Por supuesto, no hay relato político que se mantenga en el tiempo sin un desenlace oportuno. Sin que haya resultados real o simbólicamente tangibles. Lo saben bien George W. Bush y sus aliados en la Guerra de Irak. No puedes poner una pancarta que diga “Misión cumplida” en un portaviones, si años después de desplegarla te siguen llegando féretros con soldados muertos en batalla.

Por eso, la narrativa de Francisco tendrá más pronto que tarde que alimentarse de algunos gestos “reales”. Tres asuntos están en todas las cafeterías y restaurantes del mundo cuando se habla del grado de apertura del Vaticano: el condón, la homosexualidad y el papel de la mujer en la Iglesia. Si el papa hace gestos en alguno de esos asuntos, tan simbólicos y tan palpables al mismo tiempo, quizá podamos constatar que el papa, además de ser un grandísimo actor, y eso está muy bien, es también un gran papa.

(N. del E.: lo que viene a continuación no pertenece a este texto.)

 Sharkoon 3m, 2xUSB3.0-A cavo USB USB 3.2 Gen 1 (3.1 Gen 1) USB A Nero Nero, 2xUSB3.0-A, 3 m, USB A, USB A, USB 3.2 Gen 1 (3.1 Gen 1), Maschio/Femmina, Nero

El sábado pasado Pablo Ordaz, en El País, comenzaba su crónica sobre el encuentro del papa con la prensa acreditada en el Vaticano, con un par de frases interesantes. “O la Iglesia ha elegido un gran Papa –decía– o Hollywood se ha perdido un grandísimo actor. De esos que, aunque el guion sea pésimo y la trama inverosímil, terminan poniéndole al personal un nudo en la garganta.”